The principal objective of IPI and WAN-IFRA's three-day visit to Mexico was to evaluate strategies adopted by the federal government to ensure journalist safety in the country: first, a federal protection system for journalists in danger; and second, the federal Special Prosecutor for Crimes against Freedom of Expression, recently strengthened by a constitutional amendment granting the federal government the power to investigate crimes against the press.

Such crimes are rarely investigated by local and state authorities.

“As this report makes clear, IPI and WAN-IFRA received strong commitments on the part of the Peña Nieto administration in support of journalist safety and press freedom,” IPI Executive Director Alison Bethel McKenzie said.

“Nevertheless, journalists with whom the delegation met expressed skepticism about the implementation of both the mechanism and the efficacy of the Special Prosecutor's office, and we remain anxious to see concrete results in the fight against impunity for crimes against journalists in Mexico.”

The report underscores that the constitutional changes related to the special prosecutor require the passage of secondary legislation to take practical effect.

Members of the Mexican federal congress told IPI and WAN-IFRA that this legislation was supported by all parties and prioritised for speedy passage.

Specifically, on Feb. 12, the president of the Human Rights Committee in the federal Chamber of Deputies, informed the delegation that the Senate was expected to pass the bill within 15 days and deliver it to the Chamber of Deputies, which could would then pass it by mid-April.

This legislation was approved by the Senate only last week, on April 12th, but has yet to be considered by the Chamber of Deputies.

One the report's key findings is the way in which certain state authorities have become a major obstacle for progress in both ensuring journalist safety and protecting press freedom.

“Our visit to Mexico revealed an abysmal gap between the federal government's apparent will to seriously tackle the issue of journalist safety and, on the other hand, the unwillingness of certain state governments to acknowledge that a threat to freedom of expression even exists, much less do anything significant about it”, said Vincent Peyrègne, CEO of WAN-IFRA. “If the federal government does not tackle the lack of responsibility at the state level, its own efforts will have little or no results”.

Officials from the state of Veracruz, including state communications director Gina Domínguez Colío and government secretary Gerardo Buganza Salmerón, insisted to IPI and WAN-IFRA that “freedom of expression is 100% guaranteed in Veracruz.”

This statement clashed not only with cold hard facts – IPI's Death Watch lists 11 journalists murdered in Veracruz since 2006 – but also with the testimonies of numerous journalists and editors, many of whom indicated that the Veracruz government used a mix of harassment and intimidation of journalists to control the flow of information in the state. Both organisations consider Veracruz as one of the world's most dangerous places to be a journalist.

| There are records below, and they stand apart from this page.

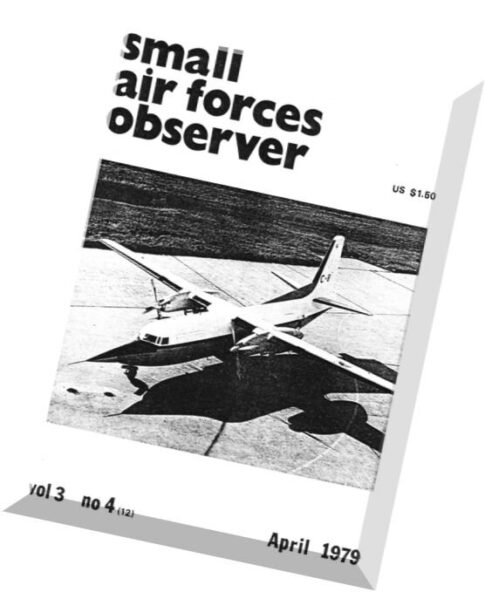 Small Air Forces Observer 012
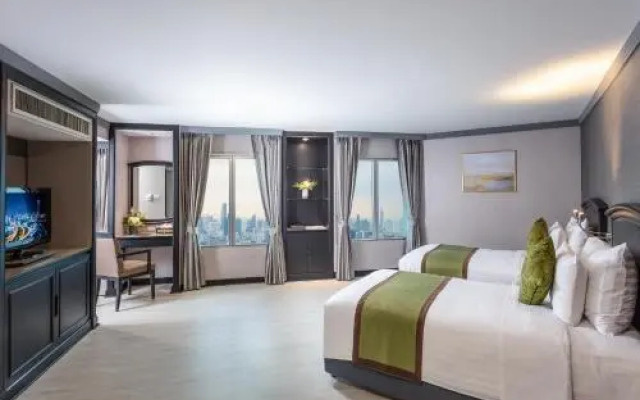 Baiyoke Sky Hotel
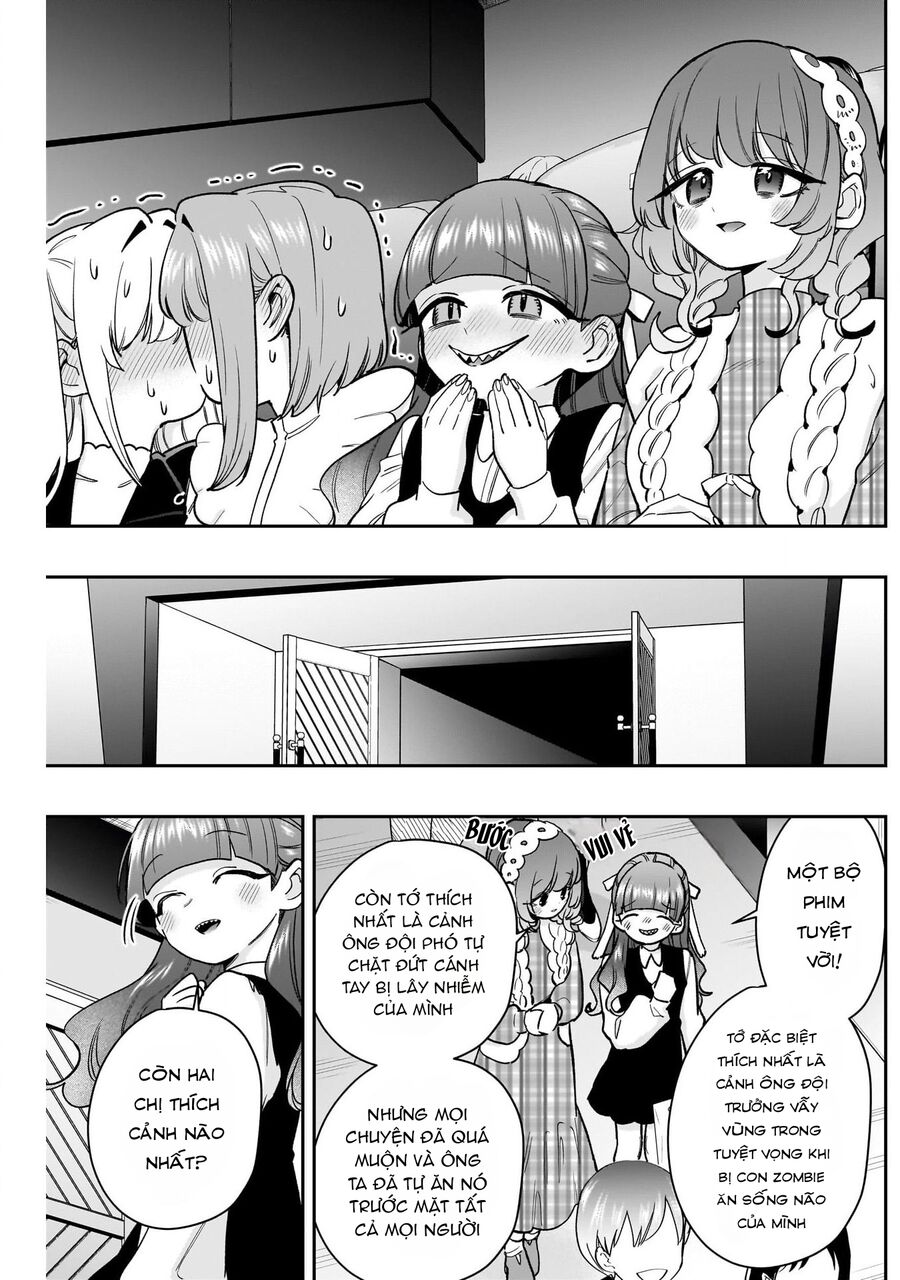 100 Cô Bạn Gái Này Rất, Rất, Rất, Rất, Rất Là Yêu Tôi Đó - Chương 198 - Trang 18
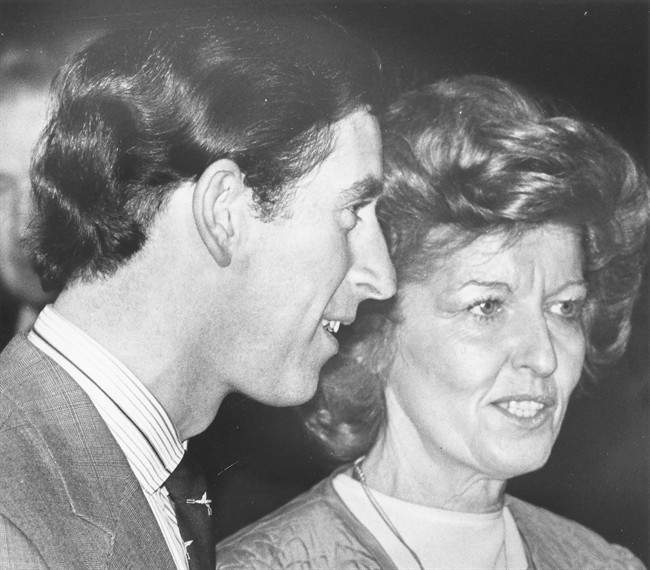 State funeral in Vancouver for Grace McCarthy - image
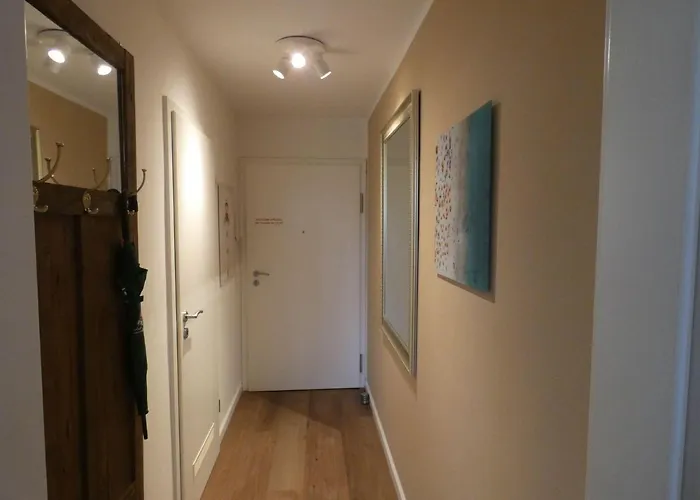 アパート Strandperle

The report highlights that the frequency of violent attacks against the media in Mexico's states, in many of which the power of organised crime has upended the rule of law, has led a number of journalists to flee to Mexico City and take up “internal exile”.

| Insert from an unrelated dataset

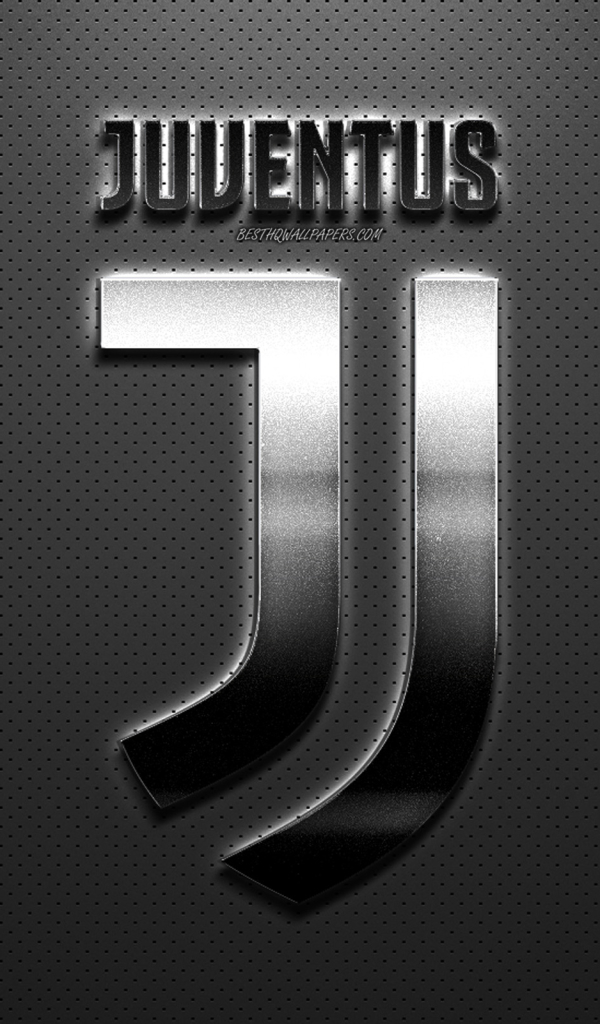 Handy-Wallpaper Sport, Fußball, Logo, Emblem, Juventus Turin kostenlos herunterladen.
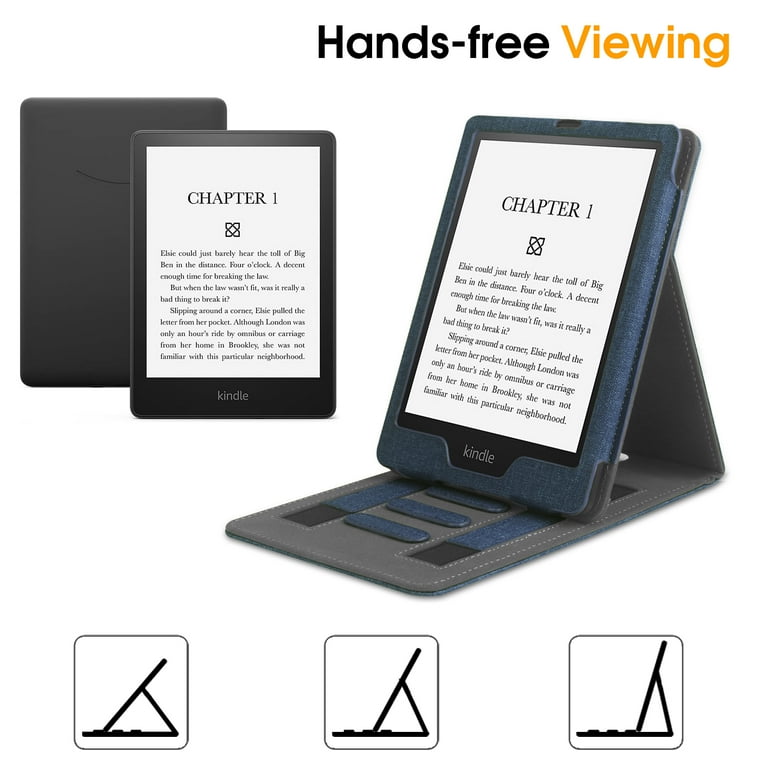 TECH CIRClE [Kindle Paperwhite] Case 6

Journalists told the joint delegation that, for those reporters who choose to stay, self-censorship may be the only viable method of self-protection, further depriving Mexico's people of accurate information about the events taking place in their country.

The Mexico mission delegation included Roger Parkinson, past president of WAN-IFRA, former publisher, CEO and chairman of Canada's Globe & Mail, and IPI member; Larry Kilman, WAN-IFRA deputy CEO; Barbara Trionfi, IPI press freedom manager; Rodrigo Bonilla Hastings, WAN-IFRA press freedom missions manager; and Scott Griffen, IPI press freedom adviser for Latin America and the Caribbean.